Menu

ARCHIVE

British Pull Troops Off Basra's Streets

British troops in the tense southern city of Basra greatly reduced their presence in the streets Thursday, apparently responding to a call from the provincial governor to sever cooperation until London apologized for storming a police station to free two of its soldiers.

For the second day, no British forces were seen with accompanying Iraqi police on patrols of Basra, as they routinely had in the past.

Elsewhere, a roadside bomb hit a U.S. convoy in southern Baghdad, killing one soldier and wounding six others Wednesday. Suspected insurgents gunned down at least eight Iraqis in four separate attacks Thursday, officials said.

In an interview with Associated Press Television News in Baghdad Thursday, Iraqi National Security Adviser Mowaffak al-Rubaie (search) called Monday's attack by British forces on a police station in Basra "a flagrant violation of Iraqi sovereignty."

At least five Iraqis were killed during a day of clashes between British forces and Iraqi police and demonstrators on Monday.

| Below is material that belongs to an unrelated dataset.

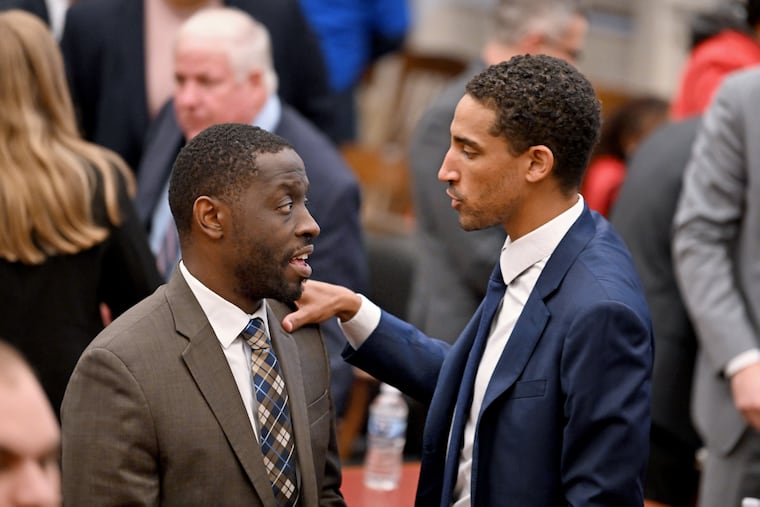 Councilmember Isaiah Thomas (left) talks with Sixers official David Gould (right) in chambers following the morning session Wednesday, on the second day of Council's hearings on the 76ers arena proposal. Gould is chief diversity and impact officer with Harris Blitzer Sports & Entertainment, which owns and operates the Sixers.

British armor crashed into a jail to free the two soldiers who had been arrested by Iraqi police and militiamen. Earlier, a crowd attacked British troops with stones and Molotov cocktails.

The fighting has raised concern over the increasing boldness of Shiite militias in the south of the country and the challenge they pose to the 8,500-strong British force in the region.

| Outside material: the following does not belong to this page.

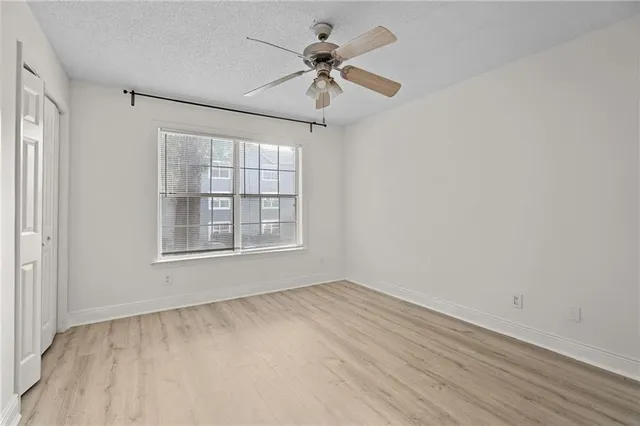 a bathroom with a granite countertop toilet a sink and a mirror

As recently as Wednesday, Britain vowed to keep its troops in the country until they no longer are needed, but also has leaked information recently about planning for a troop reduction. The Shiite militias complicate the British role no matter which way it moves.

On Wednesday, hundreds of Iraqi civilians and policemen, some waving pistols and AK-47s, rallied in Basra (search), Iraq's second largest city, to denounce "British aggression" in the rescue of the two British soldiers.

Several hours after the protest, Basra's provincial council held an emergency meeting and voted unanimously "to stop dealing with the British forces in Basra and not to cooperate with them because of their irresponsible aggression on a government facility."

Basra Gov. Mohammed al-Waili called the attack "barbaric" and a product of imperial arrogance. He declared an end to all cooperation with British forces unless Prime Minister Tony Blair's government apologized for the deadly clashes with Iraqi police.

Britain defended the raid.

Prime Minister Ibrahim al-Jaafari (search) repeated assurances that the troubles in Basra would not cause a rift between the British contingent and the Iraqi security forces.

"I do not think that this will be an obstacle that cannot be overcome," al-Jaafari said Thursday at a Baghdad news conference after returning from Britain, where he and British Defense Secretary John Reid (search) sought to defuse tension.

Each side has offered contradictory accounts of the events on Monday, and the Iraqi prime minister said he would be meeting with British Ambassador William Patey to "look into what has happened."

Iraq's state minister for national security, Abdul Karim Al-Enizi (search), told reporters the Iraqi Cabinet has formed a committee to investigate Monday's violence.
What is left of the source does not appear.